* PROBLEM REQUIREMENTS
Search the entries for lines with the string "wooden" and say how many there are, giving only the number.

* DATA FOR THE TASK
*****

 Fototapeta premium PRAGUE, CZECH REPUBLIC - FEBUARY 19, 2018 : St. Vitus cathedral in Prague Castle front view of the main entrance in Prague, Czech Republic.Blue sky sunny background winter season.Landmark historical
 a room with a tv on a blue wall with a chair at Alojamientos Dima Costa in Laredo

*****

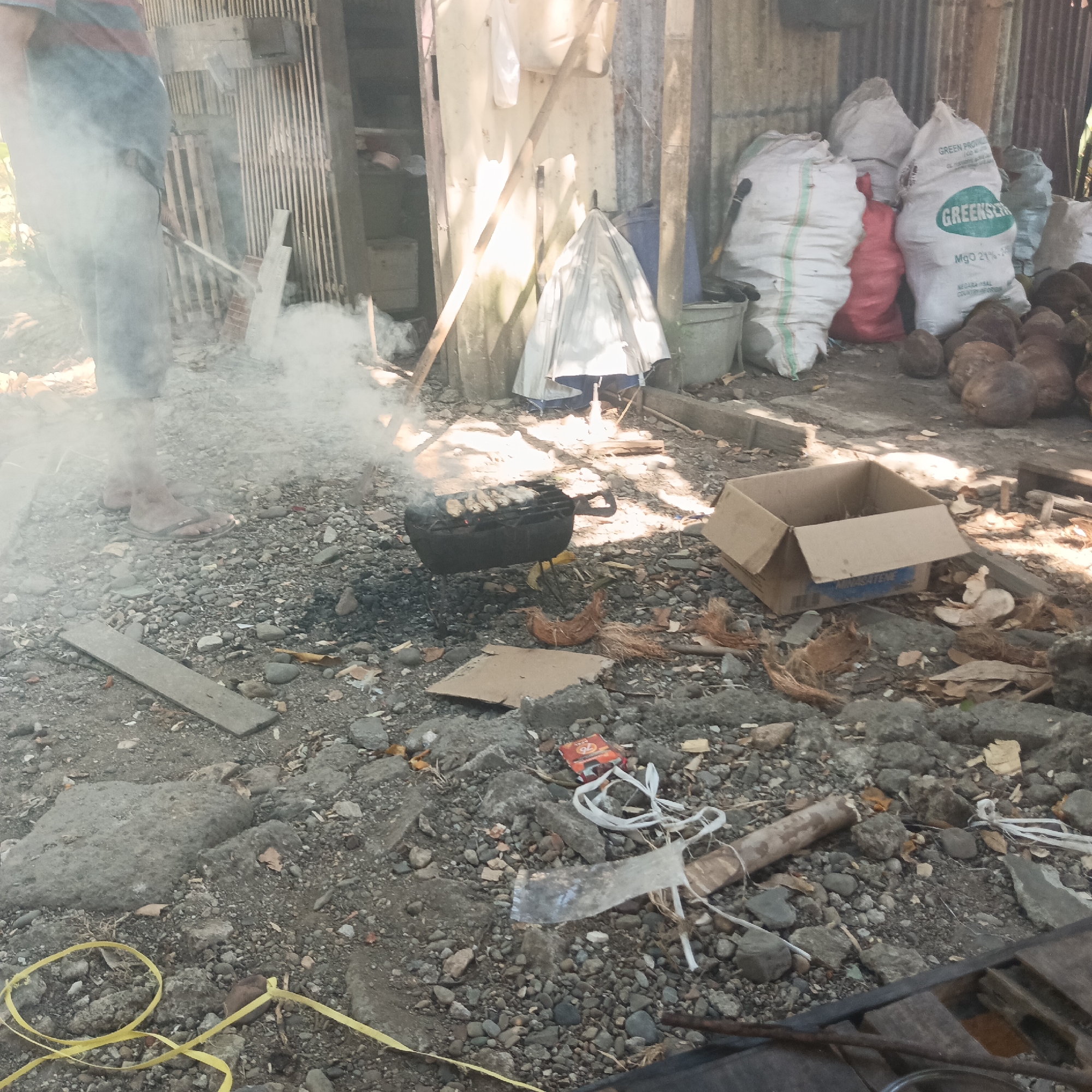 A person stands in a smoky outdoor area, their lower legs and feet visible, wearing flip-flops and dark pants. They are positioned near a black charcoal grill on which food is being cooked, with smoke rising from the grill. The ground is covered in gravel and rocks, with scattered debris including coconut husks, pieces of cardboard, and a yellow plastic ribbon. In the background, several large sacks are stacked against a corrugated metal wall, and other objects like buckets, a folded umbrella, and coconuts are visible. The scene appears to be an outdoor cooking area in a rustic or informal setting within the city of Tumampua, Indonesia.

*****

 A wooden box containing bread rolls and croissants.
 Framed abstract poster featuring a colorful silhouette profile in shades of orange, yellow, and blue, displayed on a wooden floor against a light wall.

*****

* SOLUTION FOR THIS TASK
2